The roller coaster called life!
In the Bengaluru of the seventies, there was a tribe of students - I included - that was not averse to earning while learning
In the Bengaluru of the seventies, there was a tribe of students - I included - that was not averse to earning while learning.
This writer sought temporary employment to not only generate pocket money but to help the family tide over financial difficulties.
Those were not the best of times, and we deemed every penny earned as precious. Yours truly took the plunge during the vacations or on holidays to make sure they did not meddle with studies.
A job as a packer at the Bible Society of India in the upmarket Mahatma Gandhi Road beckoned me early during my teens. Many employees came from the margins.
The nine-to-five routine was a grind. We slogged away, sitting cross-legged on the floor, right under the nose of the supervisor, a slave driver. The task entailed sorting bright-coloured leaflets and literature and sprucing them in bunches of a hundred each.
There was a fixed daily target, but despite the toil, we ended up picking up peanuts: Rupees 25 for a week's effort.
The duty of an usher at the Chinnaswamy Cricket Stadium was not only rewarding but enjoyable. They paid us Rs.100 for a five-day Test match, a lofty four-fold increase over my earlier piece of work. Besides, the assignment came with freebies - caps, T-shirt, goodies and coke.
Showing spectators to their seats was easy as eating cake, and we relished the luxury of watching our cricketing demigods in action without paying for the tickets. The fun and frolic in the stands coupled with the fireworks in the middle made for a carnival atmosphere.
A stint as a cricket umpire, which I took up later was a magnificent obsession- the reward, a handsome Rs.100 per day for officiating in any of the approved tournaments run by the Karnataka State Cricket Association (KSCA).
Poring over manuals and rule books, I soon grew conversant with the laws of the game. Inter-school contests saw umpires being pampered with lunch and assorted snacks by the tutors. But the generosity showered never influenced my decision making.
While driving on the memory lane, a school game in which I officiated comes to mind. Two elite teams, St. Germain's and Frank Anthony's, locked horns for the Cottonian Shield - a popular fixture.
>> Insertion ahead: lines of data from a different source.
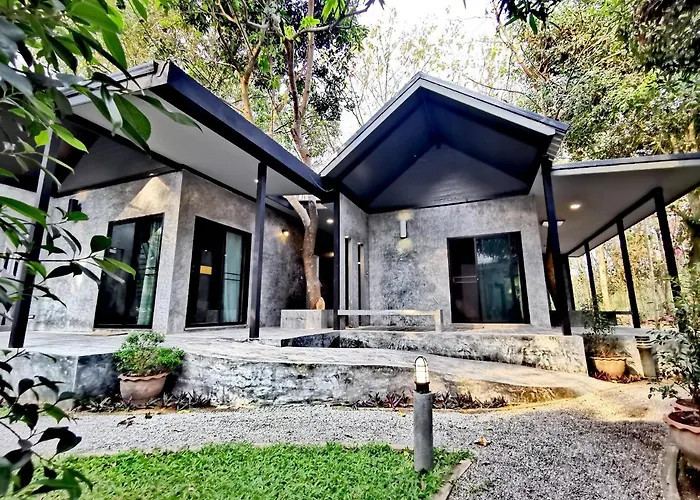 Baan Naratawan ที่พักพร้อมอาหารเช้า สวนผึ้ง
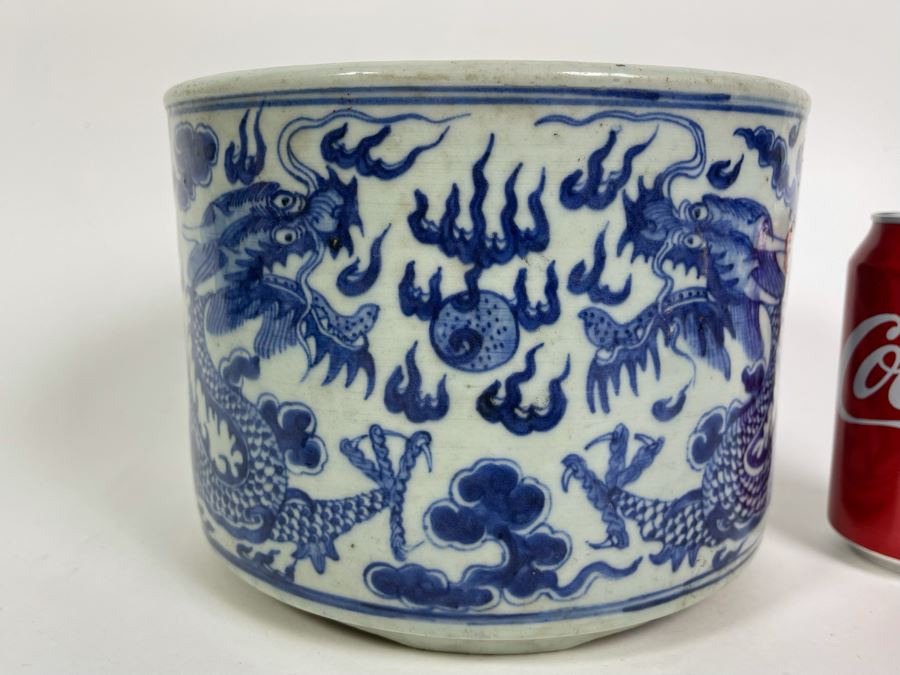Antique Chinese Blue And White Porcelain Dragon Design Flower Pot 8.5W X 6.5H With Wooden Stand [Photo 6]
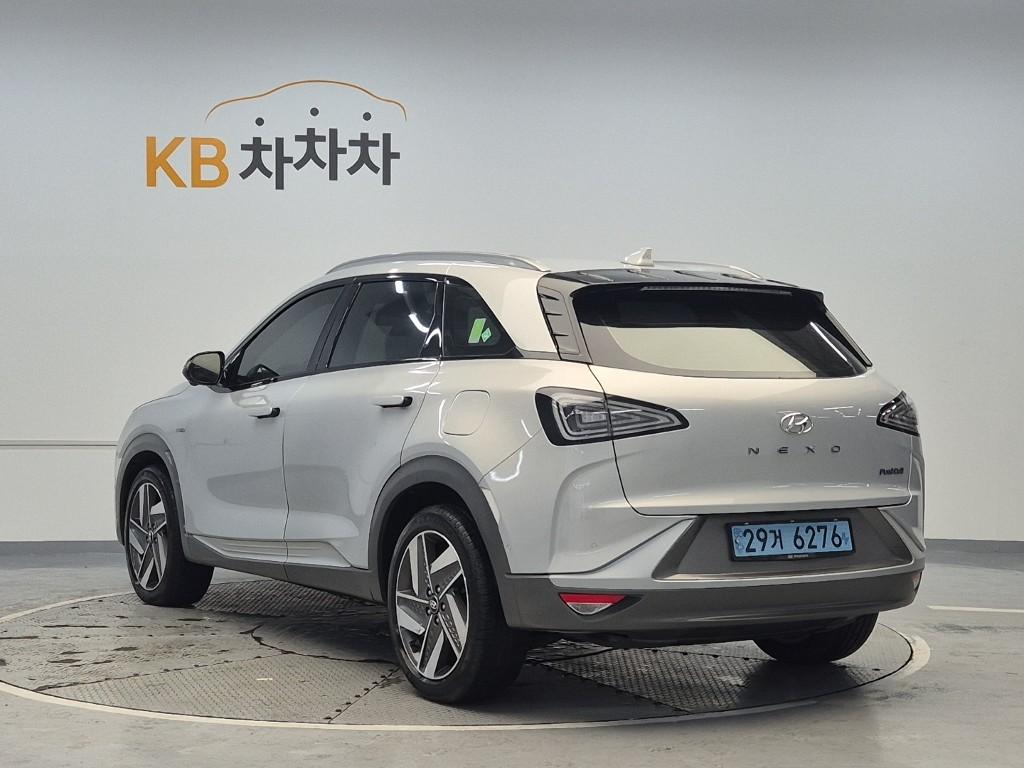 HYUNDAI Nexo FCEV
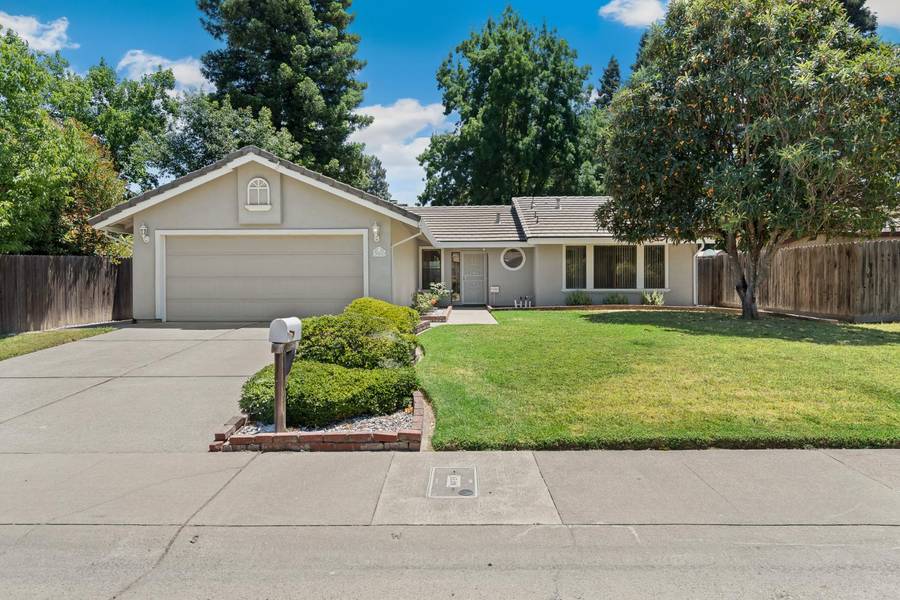 382 Little River WAY, Sacramento, CA 95831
Taking the first strike, the former with both openers in excellent nick were going great guns when misfortune struck. A solid square cut from the blade of their best batsman - a star at the junior level - found a tree trunk on the way to the fence and rebounded into play.
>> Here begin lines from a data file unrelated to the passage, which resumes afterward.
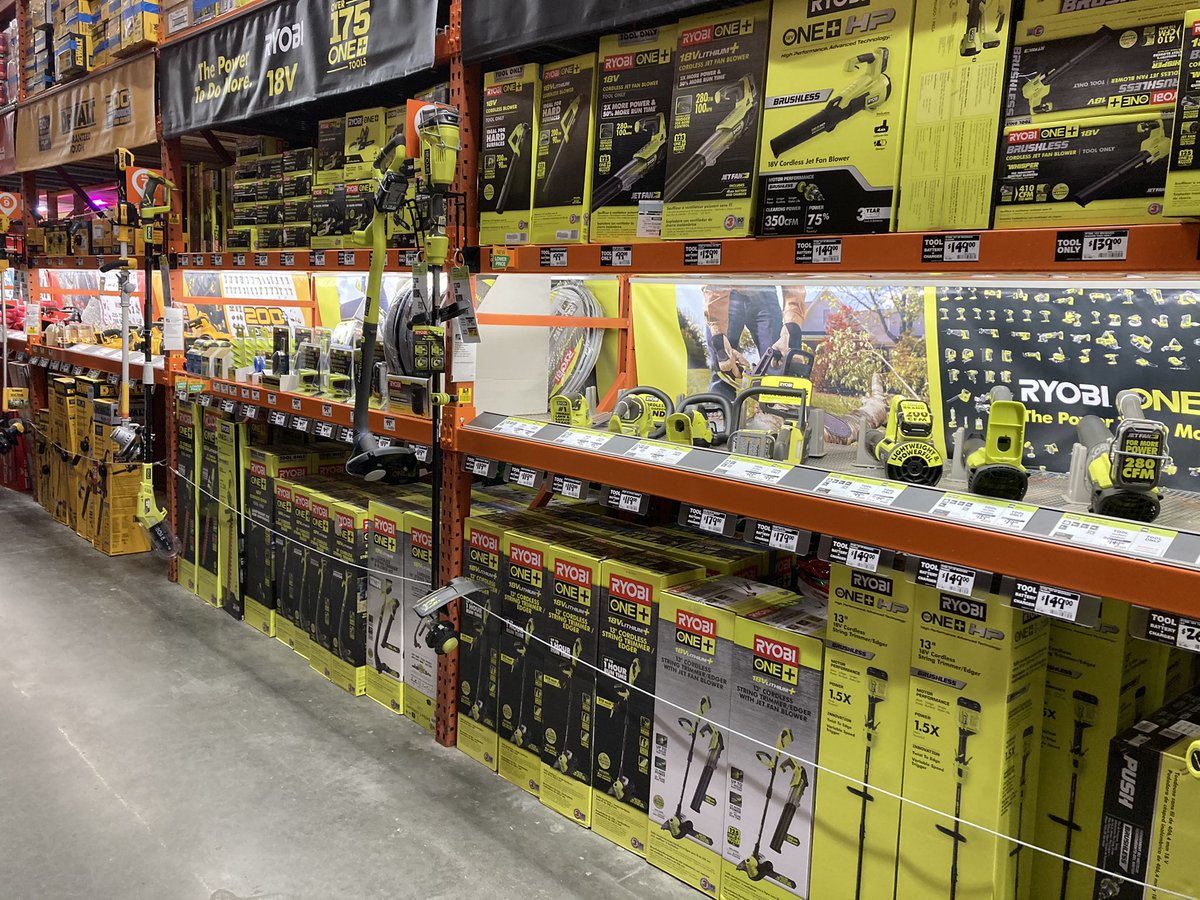 Chuck Sly tweet media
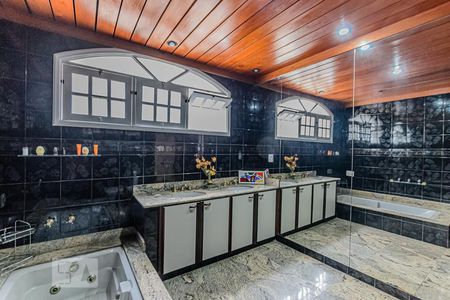 Casa à venda com 456m², 4 quartos e 2 vagasBanheiro da Suíte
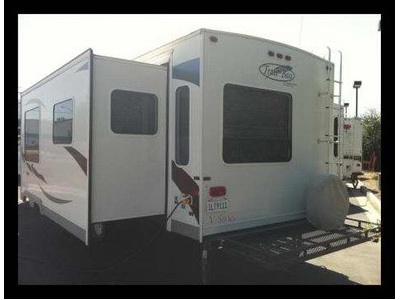 2007 R-Vision Trailbay $19,995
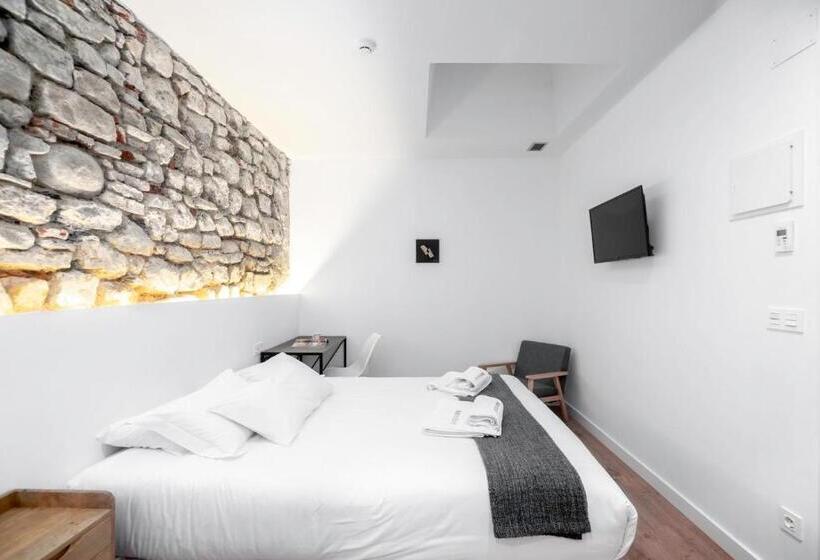 غرفة قياسية, 32 De Agostos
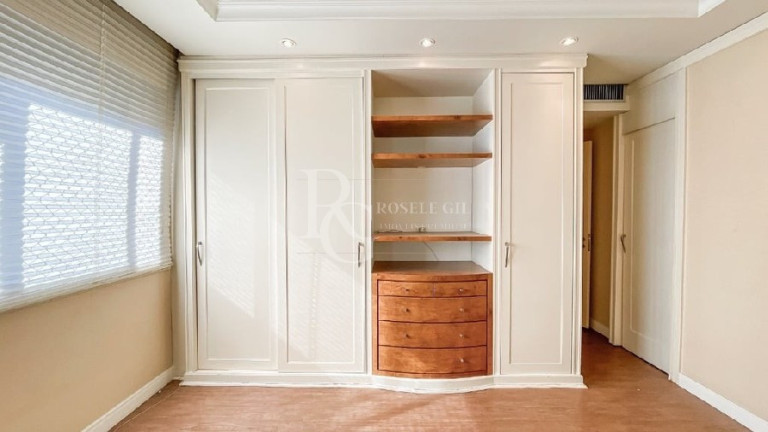 Imagem Apartamento com 3 Quartos à Venda, 159 m² em Bela Vista - Porto Alegre Imagem Apartamento com 3 Quartos à Venda, 159 m² em Bela Vista - Porto Alegre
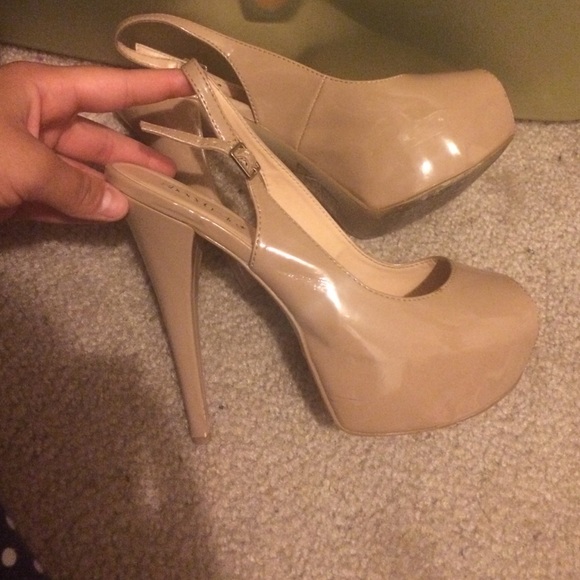 High heels - Picture 2 of 3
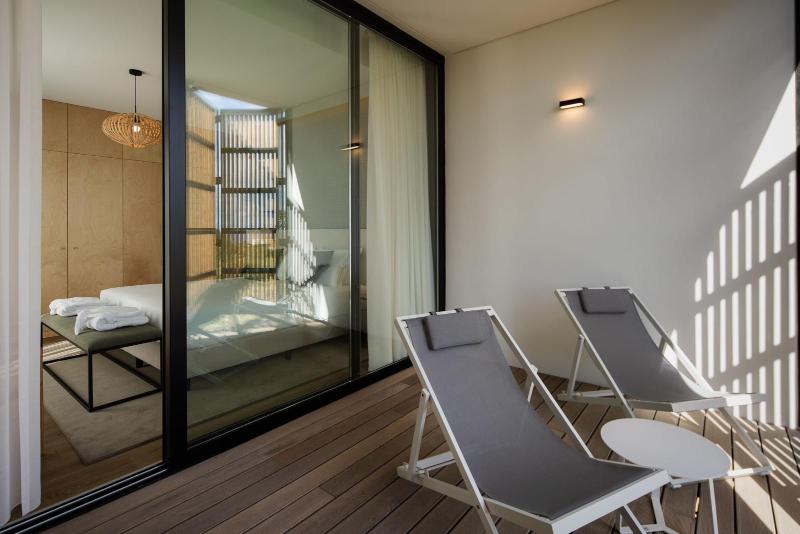 Lusitano Garden Villas image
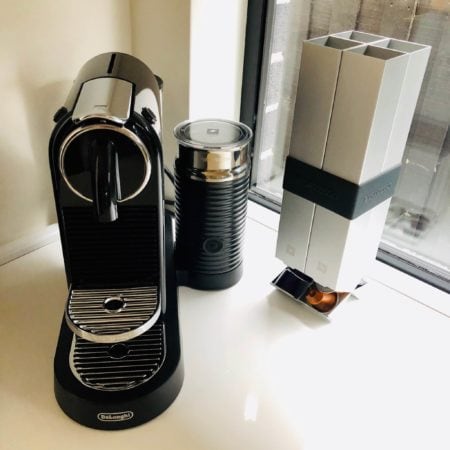 Two tiers cup tray of Nespresso Citiz Delonghi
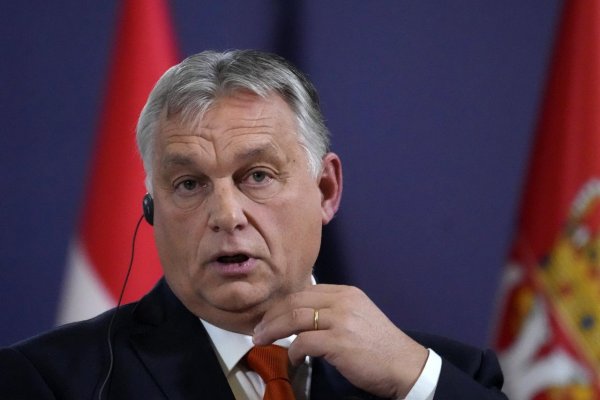 Orbána za šál s mapou Veľkého Uhorska kritizovali už aj Ukrajina a Chorvátsko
The batsman, assuming it to be a four, made the folly of not running and got into a mid-wicket conference. The fielding side, sensing an opportunity, pounced on the leather, threw the stumps down at the striker's end and went up in appeal.
I raised the dreaded finger! Not convinced, the batting team protested, but I stood my ground contending that the tree was within the perimeter of the boundary ropes.
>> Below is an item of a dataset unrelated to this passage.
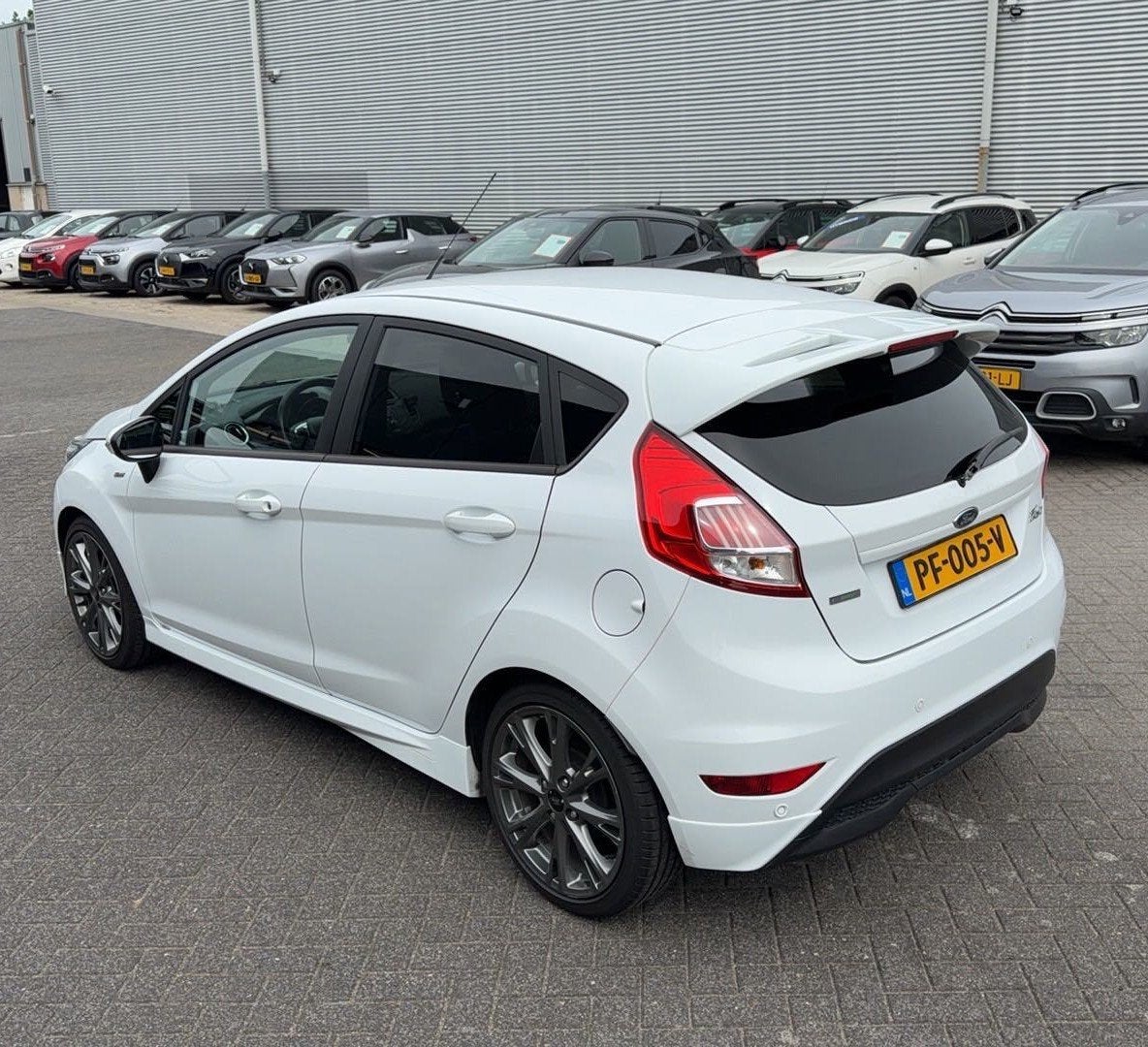 Foto 3 van Ford Fiesta 1.0 EcoBoost ST Line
Unable to get over the loss of their 'hero', the side collapsed in a heap. Their opponents made quick work of the target to romp into the finals. Had the batsmen not dropped guard, the story might have been different.
Cricket umpiring became my passion. But I had to abandon it after getting hired by the State Bank of India with which I had a marathon association lasting 39 long years.
To conclude, I aver that life is like a roller coaster as you get to navigate the highs and lows, the peaks and the troughs. Enjoy the journey called life and count your blessings!